Leonardo da Vinci. Estudio de brazos y manos. dibujo/cartón

LA MÁQUINA DE VOLAR

                                                                                                                                         
Para Jorge Juanes
I

A partir de Leonardo el artista ya no es considerado un artesano que repite las pautas artísticas como patrones inamovibles, perpetuadores de órdenes artísticos que empiezan a ser cambiantes. Ha llegado la era del individuo y su reflexión en torno a sí mismo, a su cuerpo, a su destino. No es casual que su tiempo sea conocido como la Era de los Descubrimientos; no solamente por la obsesiva concepción expansionista de Enrique El Navegante y sus prebendas ultramarinas, sino porque también se llega en esta época a la dilucidación de la circulación de la sangre y a prácticas acuciosas acerca de la realidad visual y la realidad del arte, sus leyes intrínsecas, su insospechada extensión postergada por el poder omnímodo de la Iglesia, el orden feudal y la peste de la guerra, el oscurantismo y la cultura del miedo. Se empezaba a publicar el libro. Se empezaba a pensar voz alta... a pesar de los Savonarolas del caso. Se corrían los riesgos que implica cruzar las fronteras, las culturales y las geográficas, las espirituales y las más íntimas fronteras. Dentro y fuera, el individuo es exhibido, con todas sus vacilaciones y yerros.
El artista se apropia del pasado como un saber común, no más como un saber de dominio. La emergencia de la burguesía favorece esta liberación del artista servil, el ilustrador de su majestad y sus fantasías. Es el Renacimiento.


Leonardo da Vinci. Estudio de caballos. Dibujo a pluma y tinta/cartón

II

El  creador, el que imagina el que vislumbra la obra humana, encuentra su espacio de expresión. Hoy podemos ver la génesis de esa conquista, cifrada en el conocimiento científico, fraguado en los talleres de quienes se entregaban día a día a interrogar cada fenómeno como se consulta un libro. El hombre es la medida de todas las cosas, se dijo, y adquirió forma real un pensamiento que hoy llamamos humanismo: el hombre debe disfrutar al máximo su existencia en este mundo. No más limitaciones operadas por la religión. En este ambiente nació Leonardo.
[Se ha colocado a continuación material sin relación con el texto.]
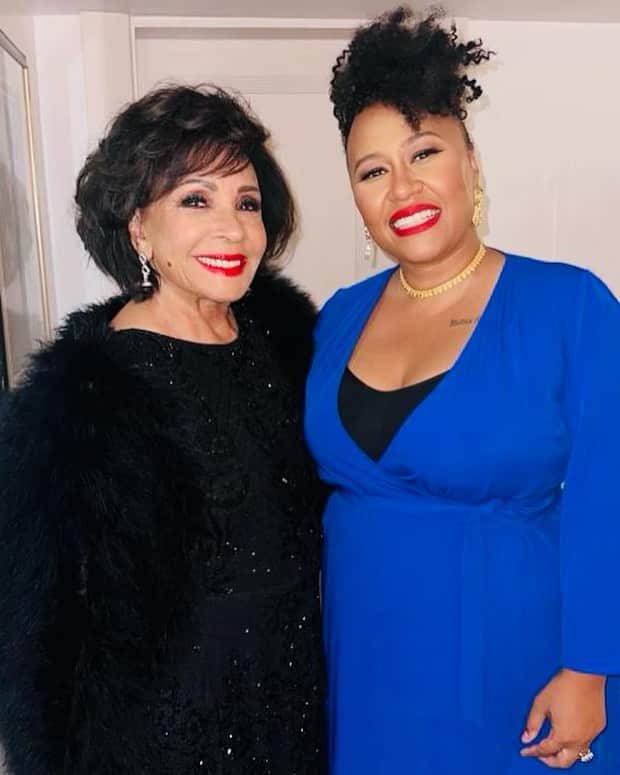 Emeli Sandéのインスタグラム：「I had a wonderful night at the @prideofbritain awards. So moving!   It was a great honour to present a very special award with the wonderful  @dameshirleybassey 💎   Tune in this Thursday at 8pm on @itv to see all the incredible winners and hear their truly inspiring stories 💜」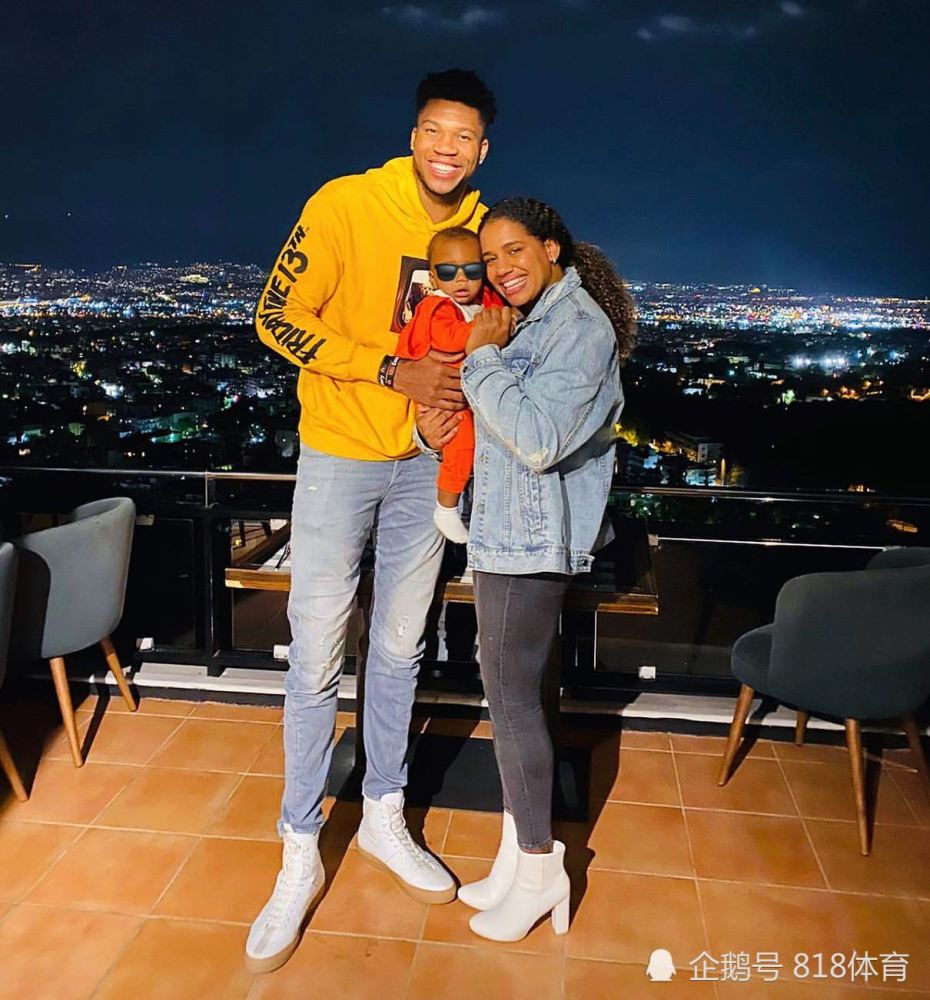 勇士稳了?字母哥一家旧金山度假,顶楼俯瞰城市夜景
Vasari ha consignado la extraordinaria imagen de un Leonardo genial, a falta de mejor calificativo. En su Vida de Artistas (1550) cita los lugares comunes que todo mundo maneja para referirse a los hombres emblemáticos de aquella era prodigiosa. Nos seguiremos refiriendo a Vasari, por haber sido parte de esa historia él mismo, poeta, pintor, visionario también de la revolución en la que se vio envuelto.
El mundo, las nacientes naciones, estaba reacomodándose. Había llegado el capital y su correlato la guerra por todos los medios. Roma quería volver a ser el ombligo de Europa, por el deseo del papado que provisionalmente se había establecido allí.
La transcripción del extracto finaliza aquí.